De périodicité trimestrielle, le N° 2 de cette revue
recouvre les mois d'Octobre à Décembre 1997. Dans les pages
16 à 29 de cette revue, a été publié un article
sous la signature de l'appelant intitulé : "LE CULTE DU
5 NOVEMBRE 1990" donnant le point de vue de son auteur sur l'observation
faite ce jour-là "d'un immense ensemble de lumières qui traversait
le ciel dans le plus parfait silence".
L'auteur de l'article incriminé mentionnait en exergue que "quelques
jours plus tard, le SEPRA, service officiel d'étude des OVNI, annonçait
qu'il s'agissait de la rentrée dans l'atmosphère du troisième
étage d'une fusée soviétique PROTON".
Et, non satisfait d'une telle explication, Mr Robert ALESSANDRI d'ajouter :
"Une identification contestée par beaucoup d'ufologues, et la controverse
fait encore rage plus de 6 ans après les événements.
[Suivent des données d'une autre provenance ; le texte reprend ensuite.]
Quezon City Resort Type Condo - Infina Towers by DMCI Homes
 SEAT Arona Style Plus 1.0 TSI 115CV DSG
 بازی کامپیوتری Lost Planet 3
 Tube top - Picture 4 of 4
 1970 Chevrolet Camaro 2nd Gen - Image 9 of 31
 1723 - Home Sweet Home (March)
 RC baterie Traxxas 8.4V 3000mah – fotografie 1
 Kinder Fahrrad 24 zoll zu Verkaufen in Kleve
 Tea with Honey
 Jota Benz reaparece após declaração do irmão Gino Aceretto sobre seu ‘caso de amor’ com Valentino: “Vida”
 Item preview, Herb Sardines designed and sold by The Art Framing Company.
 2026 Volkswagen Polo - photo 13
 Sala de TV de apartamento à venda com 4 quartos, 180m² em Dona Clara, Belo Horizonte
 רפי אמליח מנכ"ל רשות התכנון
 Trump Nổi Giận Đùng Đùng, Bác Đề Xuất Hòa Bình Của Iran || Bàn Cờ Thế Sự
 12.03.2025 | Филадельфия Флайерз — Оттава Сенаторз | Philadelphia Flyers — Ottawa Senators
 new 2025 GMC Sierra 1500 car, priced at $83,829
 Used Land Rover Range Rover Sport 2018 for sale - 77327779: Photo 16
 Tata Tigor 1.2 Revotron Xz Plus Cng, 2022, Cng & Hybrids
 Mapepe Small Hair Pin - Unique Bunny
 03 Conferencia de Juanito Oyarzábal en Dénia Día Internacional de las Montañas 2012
Simple rentrée atmosphérique ou plus importnte vague d'ovnis
en France depuis 1954 ? Le point sur une question qui est devenue une
affaire de foi bien plus que de recherche".
Puis, Mr Jean-Jacques VELASCO précise qu'au lieu de se livrer à
un exposé de ses arguments et à une critique technique, Mr
Robert ALESSANDRI a porté à son encontre des appréciations
inadmissibles et fautives. On peut en effet lire, en page 16, ... pourquoi
les ufologues... "ont-ils préféré discuter uniquement
des affirmations du directeur du SEPRA, ce scientifique de dernier sous-sol
dont tout le monde sait qu'il n'a qu'une fonction de relations publiques".
Puis, en page 17 dudit Article, il est fait état que "les contradictions
du SEPRA s'expliquent par l'incompétence totale de son directeur en
la matière".
En outre, l'encadré des pages 18 et 19 du même article est intitulé :
"quand le C. N. E. S. emploie des fumistes. On y lit encore :
... "et lorsque cet expert s'est empêtré dans d'invraisemblables
contradiction, imprécisions et silences, nos ufologues, mal informés
sur des phénomènes peu courants qui n'intéressent pas
grand-monde, ont naturellement pensé que ce porte-parole de la science
officielle mentait pour cacher une réalité dérangeante".
"Comment auraient-ils pu se douter que le Directeur du Service d'Expertise
des Phénomènes de Rentrées Atmosphériques était
d'une nullité absolue en la matière ?", "que s'il ne répondait
pas aux questions que lui posaient les ufologues et les témoins, c'était
parce qu'il ignorait totalement les réponses". "Cette profonde incompétence,
VELASCO n'a jamais cherché à la corriger durant les années
qui ont suivi"...
Suivent d'autres citations qui peuvent être aisément retrouvées dans les conclusions de l'intimé.
Ceci exposé, Mr Jean-Jacques VELASCO observe que son adversaire s'est
volontairement abstenu de comparaître en première instance.
Il lui reconnaît par ailleurs le droit d'émettre des critiques
sur le plan scientifique, même si elles se révèlent sans
fondement, mais à condition de rester dans certaines normes sur le
plan terminologique. De surcroît, à la suite de la publication
de l'article litigieux, Mr ALESSANDRI fut destinataire, à l'initiative
du C. N. E. S., d'une lettre de protestation. Aussi ne peut-il exciper de
la légitimité des critiques par lui formulées.
III - DISCUSSION :
7° - Aucune difficulté n'apparaît quant à la recevabilité
de l'appel relevé par Mr Robert ALESSANDRI à l'encontre du
Jugement réputé contradictoire rendu à son encontre.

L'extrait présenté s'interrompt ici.